TASK:
Only an exact repetition of the lines from the one holding "Men's Beaton Premium" to the end of the data is wanted, with pictures left out.

DATASET CONTENT:
========================================

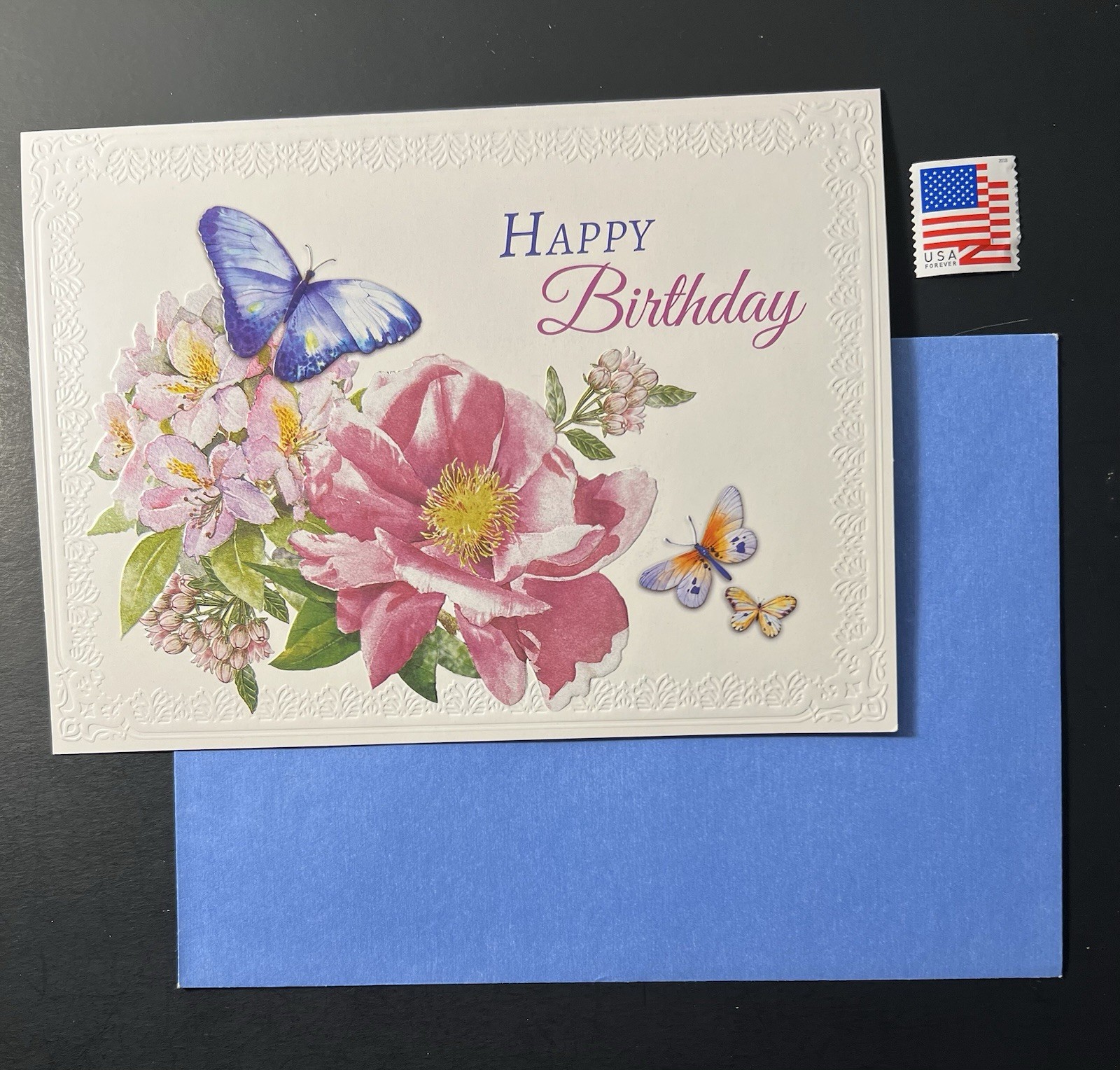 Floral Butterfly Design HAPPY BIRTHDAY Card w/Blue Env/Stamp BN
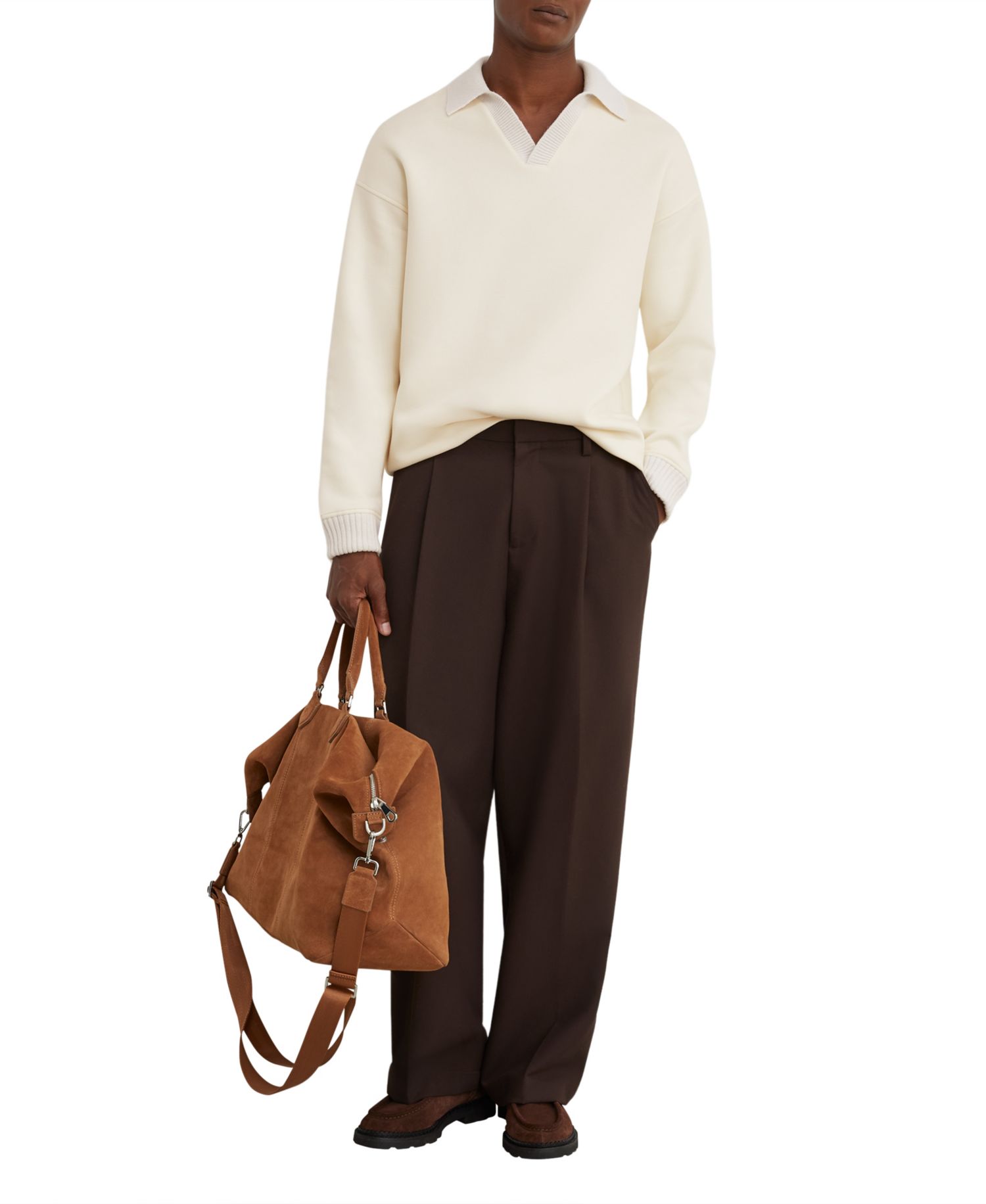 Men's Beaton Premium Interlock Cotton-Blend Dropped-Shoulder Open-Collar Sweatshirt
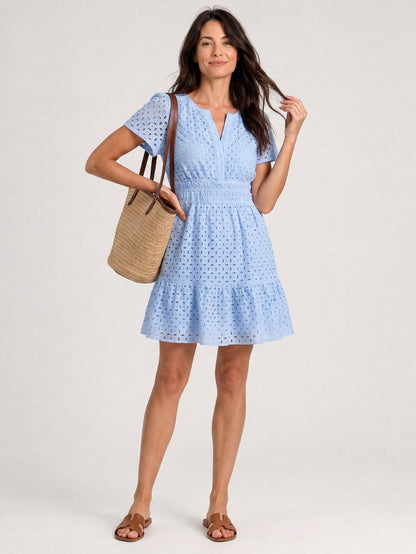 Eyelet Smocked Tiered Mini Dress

========================================

REPLY TO THE EXERCISE:
 Men's Beaton Premium Interlock Cotton-Blend Dropped-Shoulder Open-Collar Sweatshirt
 Eyelet Smocked Tiered Mini Dress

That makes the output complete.